La commune de [Localité 32] soutient :
Sur l’absence d’état d’enclave,
— que l’obtention d’une servitude légale sur une propriété voisine est uniquement accordée pour motifs légitimes, et non au bon vouloir du propriétaire qui s’estime enclavé,
— qu’un simple souci de commodité et de convenance ne permet pas de caractériser l’insuffisance de l’issue sur la voie publique (Civ. 3ème, 24 juin 2008 n° 07-15.944 : RDI 2009. 107, obs. Gavin-Millan-Oosterlynck/ TGI Bordeaux 24 juin 1969 : JCP 1969. II. 16109, note Gestin/ Civ 1ère 25 mai 1964),
— que le fonds de la SCI Farfalla 3000 est accessible par l’intermédiaire du [Adresse 21] et n’est donc pas totalement enclavé,
— que l’état d’enclavement relatif établi par le rapport d’expertise n’affecte en rien l’utilisation normale du fonds de la SCI Farfalla 3000 au vu de sa destination de résidence secondaire, telle que reconnue par la SCI Farfalla 3000 dans ses écritures,
— la SCI Farfalla 3000 ne démontre pas l’impossibilité d’y accéder avec un véhicule ou encore empêcherait les services de secours d’intervenir sur la propriété en cas de danger imminent,
— la SCI Farfalla 3000 a acquis en toute connaissance de cause ce fonds, qui disposait déjà d’un tel accès, c’est à dire un accès piéton ou un accès avec un véhicule de faible largeur,
— la SCI Farfalla 3000 n’a pas attesté remplir les conditions de désenclavement, à savoir l’absence d’issue sur la voie publique ou l’insuffisance de celle-ci pour l’exploitation agricole, industrielle ou commerciale de sa propriété, soit pour la réalisation d’opération de construction ou de lotissement,
— la SCI Farfalla 3000 a attendu près de quatre ans avant d’engager une procédure de désenclavement, ce qui démontre bien qu’elle se satisfaisait de la situation,
A titre subsidiaire sur l’incompétence du juge judiciaire pour ordonner des travaux sur un ouvrage public,
— que le chemin privé lui appartient,
— qu’il s’agit d’un chemin rural affecté à l’usage du public ayant la qualité d’ouvrage public, comme admis par le Conseil d’Etat, même s’il est privé à la commune,
— que le conseil municipal est exclusivement compétent pour créer, supprimer, modifier le tracé ou l’emprise des chemins ruraux (CE, 3ème et 5ème sous sections, 30 janvier 1981, n° 13207 ; CE 10 février 1982 n° 15159),
— que le juge administratif est exclusivement compétent pour ordonner des travaux sur un ouvrage public, même propriété d’une personne privée ou constitué sur le domaine privé d’une personne publique,
— que si la juridiction devait prononcer le désenclavement de la propriété de la SCI Farfalla 3000, elle ne pourrait en aucun cas retenir l’accès n° 2 empruntant le chemin rural qui nécessiterait des travaux pour l’aménagement de la voie,
Plus subsidiairement sur la difficulté d’établir une servitude légale sur le [Adresse 21],
— que des travaux d’aménagement d’envergure seraient nécessaires pour permettre le désenclavement de la SCI Farfalla 3000,
— qu’une telle servitude imposerait des expropriations et causerait des dommages au propriétaires riverains expropriés, alors qu’elles ne sont pas justifiées par un intérêt public,
— qu’une telle mesure apparaîtrait disproportionnée et déraisonnable pour l’unique désenclavement d’un propriétaire riverain,
— que de nombreux propriétaires riverains n’ont pas été attraits à la procédure de désenclavement, car la SCI Farfalla 3000 n’a assigné que les riverains à proximité de sa parcelle, alors que le chemin rural s’étend sur plusieurs centaines de mètres.

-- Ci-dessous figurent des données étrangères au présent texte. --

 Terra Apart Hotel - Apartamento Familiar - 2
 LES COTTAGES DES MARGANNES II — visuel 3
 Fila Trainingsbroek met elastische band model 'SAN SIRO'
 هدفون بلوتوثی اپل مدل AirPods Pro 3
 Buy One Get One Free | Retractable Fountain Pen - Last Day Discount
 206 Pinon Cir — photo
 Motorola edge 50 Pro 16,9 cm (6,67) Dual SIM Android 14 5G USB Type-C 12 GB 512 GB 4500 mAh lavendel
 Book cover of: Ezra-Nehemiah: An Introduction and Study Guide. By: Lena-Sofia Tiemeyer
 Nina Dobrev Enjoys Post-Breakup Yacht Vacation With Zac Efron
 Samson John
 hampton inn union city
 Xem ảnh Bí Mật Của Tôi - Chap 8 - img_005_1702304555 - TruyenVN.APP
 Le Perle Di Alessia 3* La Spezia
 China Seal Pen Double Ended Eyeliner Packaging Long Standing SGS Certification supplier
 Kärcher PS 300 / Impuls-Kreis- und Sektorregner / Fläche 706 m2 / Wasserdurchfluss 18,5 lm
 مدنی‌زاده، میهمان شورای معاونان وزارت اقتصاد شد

La déclaration d’appel a été signifiée :
— au syndicat des copropriétaires Villa [20] par acte d’huissier du 2 mai 2022 délivré à personne habilitée,
— à la SCI Vista amena par acte d’huissier du 4 mai 2022, transformé en procès-verbal de recherches ; le courrier recommandé avec accusé de réception adressé par l’huissier est revenu « défaut d’adresse ou d’adressage ».
— à la SCI KNK par acte d’huissier du 28 avril 2022, délivré en l’étude de l’huissier.
L’instruction a été clôturée par ordonnance du 20 mai 2025.
L’ordonnance de clôture prononcée le 20 mai 2025 a été révoquée avec l’accord exprès de toutes les parties, par mention au dossier et une nouvelle clôture est intervenue à l’audience du 3 juin 2025, avant l’ouverture des débats.
L’arrêt non susceptible d’appel, sera rendu par défaut en application de l’article 474 du code de procédure civile, en l’état de l’absence de constitution d’avocat par la SCI Vista amena et la SCI KNK, non citées à leur personne.
MOTIFS DE LA DECISION
Sur l’étendue de la saisine de la cour
Aux termes de l’article 954 alinéa 3 du code de procédure civile, la cour ne statue que sur les prétentions énoncées au dispositif et n’examine les moyens au soutien de ces prétentions que s’ils sont invoqués dans la discussion.
Il est constaté que le dispositif des conclusions de l’appelante comporte des demandes de « juger », qui ne constituent pas toutes des prétentions, si bien que la cour n’en est pas saisie.
La demande de l’EURL Sunny immo tendant à l’irrecevabilité des conclusions et pièces notifiées par le RPVA le 18 mai 2025 l’avant-veille de la clôture, pour déloyauté et tardiveté, n’a plus d’objet dès lors que toutes les parties constituées se sont accordées sur une révocation de l’ordonnance de clôture et la fixation d’une nouvelle clôture avant l’ouverture des débats, pour rendre recevables les dernières conclusions en réplique de l’EURL Sunny immo.
Quant à la même demande de l’EURL Sunny immo, motivée sur le non-respect du délai de trois mois, prévu à l’article 910 du code de procédure civile, pour répliquer à son appel incident du 8 juillet 2022 portant sur sa demande reconventionnelle de dommages et intérêts pour procédure abusive, qui relève de la compétence du conseiller de la mise en état mais dont le moyen peut être soulevé d’office par la cour, elle ne peut concerner que la réponse à l’appel incident et ne présente pas d’intérêt. En effet la SCI Farfalla 3000 se contente de conclure au débouté de l’appel incident pour absence d’abus et préjudice artificiel, si bien que la cour ne s’en saisit pas.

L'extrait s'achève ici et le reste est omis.